EXERCISE → When you copy the material below, keep every line exact and leave each picture out.

### STORED DATA ###

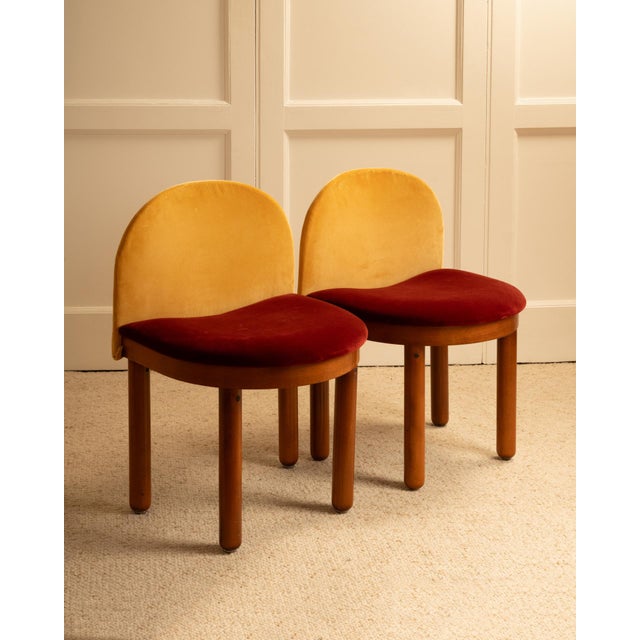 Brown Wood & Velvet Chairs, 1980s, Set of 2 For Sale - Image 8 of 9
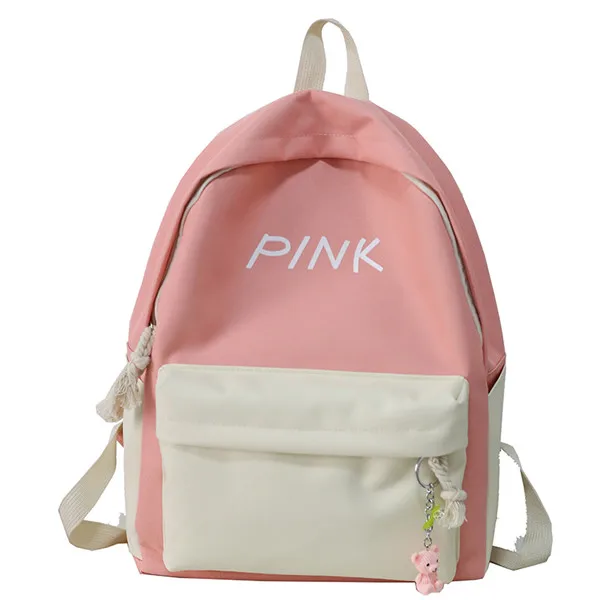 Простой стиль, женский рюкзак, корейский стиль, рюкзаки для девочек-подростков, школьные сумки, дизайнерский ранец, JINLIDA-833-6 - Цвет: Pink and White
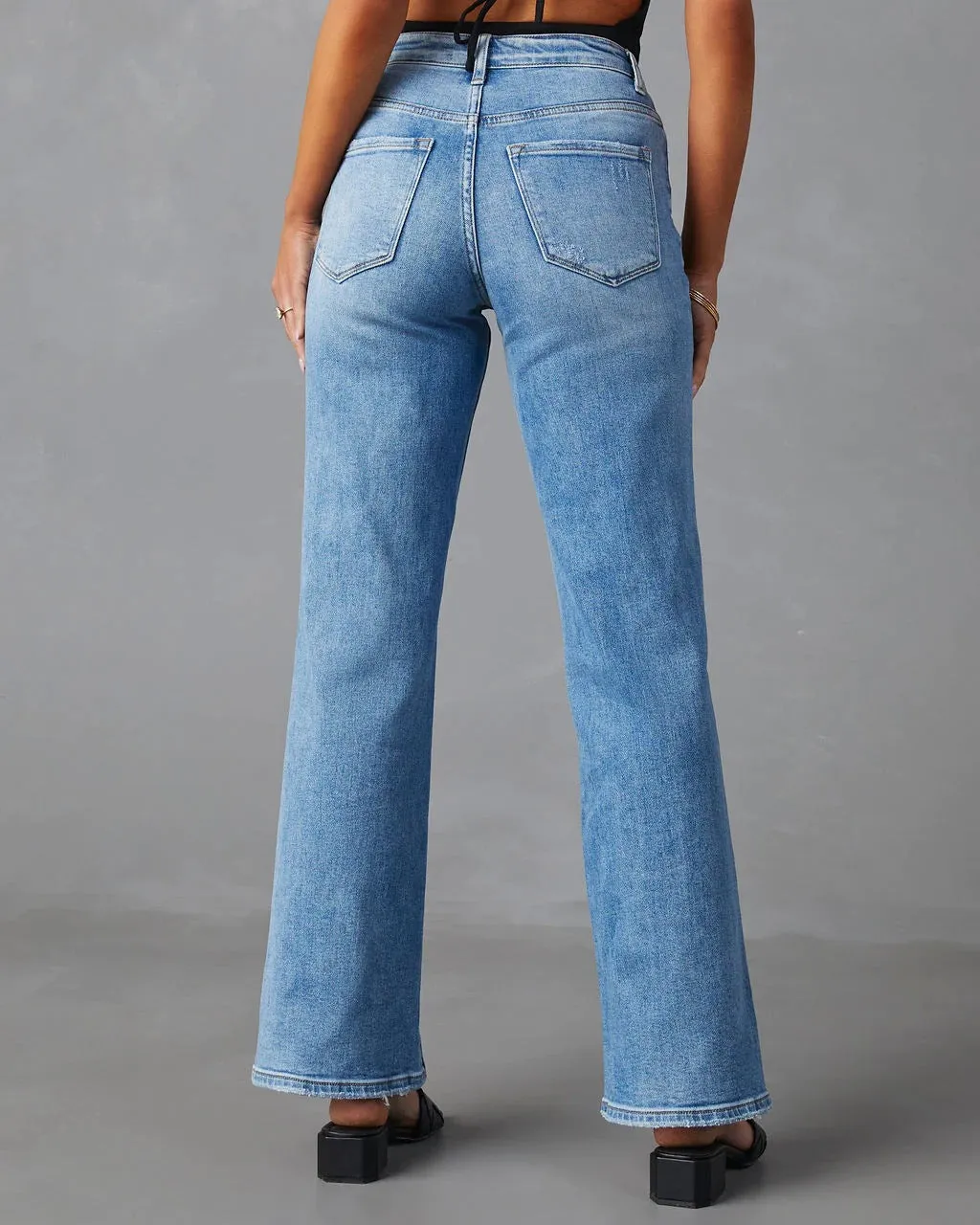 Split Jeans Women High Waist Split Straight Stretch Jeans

###

ANSWER TO THIS TASK →
 Brown Wood & Velvet Chairs, 1980s, Set of 2 For Sale - Image 8 of 9
 Простой стиль, женский рюкзак, корейский стиль, рюкзаки для девочек-подростков, школьные сумки, дизайнерский ранец, JINLIDA-833-6 - Цвет: Pink and White
 Split Jeans Women High Waist Split Straight Stretch Jeans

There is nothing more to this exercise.